The intention of this document and Regulation 22 is to ensure that there is no additional risk to players when playing on artificial turf surfaces than those on good quality natural turf. There is no reason why any artificial turf field shouldn’t be able to achieve this if it has been designed to and tested to Regulation 22.

If you have any queries on the content of this document or on anything related to artificial turf please contact the Technical Services Department:




When a new surface is being installed for the event then World Rugby recommend that a Preferred Turf Producer (PTP) is engaged with to supply the artificial turf. The advantages of purchasing turf from a PTP is that there are additional safeguards and assurances provided because all PTPs are contracted to World Rugby to provide a turn-key service and continued support for their fields.
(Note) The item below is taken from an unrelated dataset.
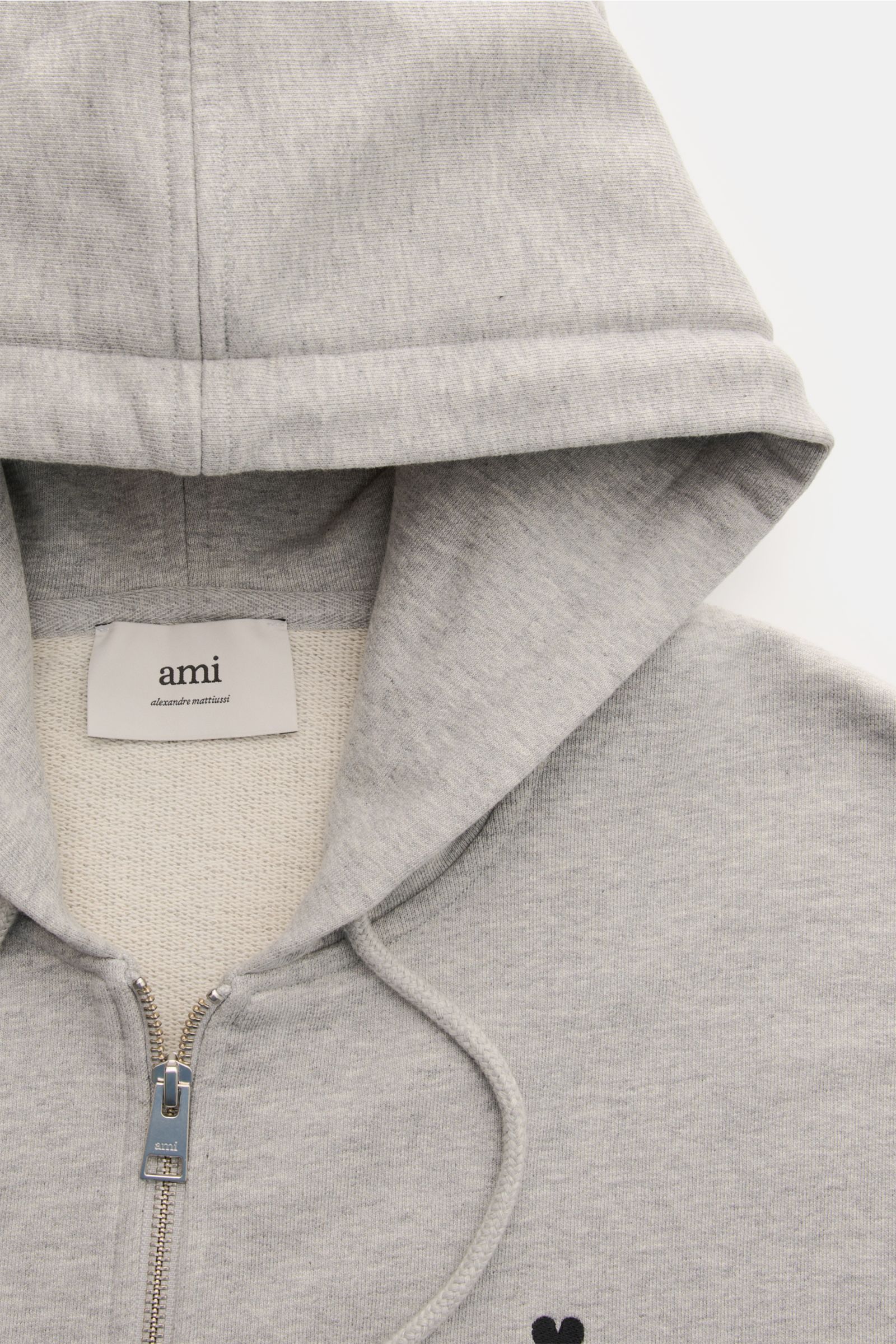 Ami Paris Sweatjacke hellgrau meliert shown from a close-up top-front view, featuring a hood with drawstrings, metal zipper, and subtle heart stitching on the chest. Ein dezentes Herz-Stitching auf der Brust verleiht dieser Baumwoll-Sweatjacke von AMI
Before any artificial turf field is considered for any level of rugby, either training or match, it must comply with World Rugby Regulation 22. Only fields which have a current test report and/or Regulation 22 certificate compliant with the Regulation. The first stage of planning is to ensure compliance has been verified by a World Rugby Accredited Test Institute within the previous two years.


The field should have a complete maintenance log from the date of installation. The maintenance regime should be specific to the field and be devised in partnership with the turf manufacturer. Maintenance regimes should be designed in consideration of the usage levels of the field and the climate of the area. Not complying with maintenance requirements can in some cases invalidate the manufacturer’s warranty. In addition, if the usage levels of a field change then the maintenance regime should be adjusted to account for this, especially if it increases. It is important to ensure that usage limits specified by the manufacturer are not exceeded. Consultation with the manufacturer who designed the system is crucial.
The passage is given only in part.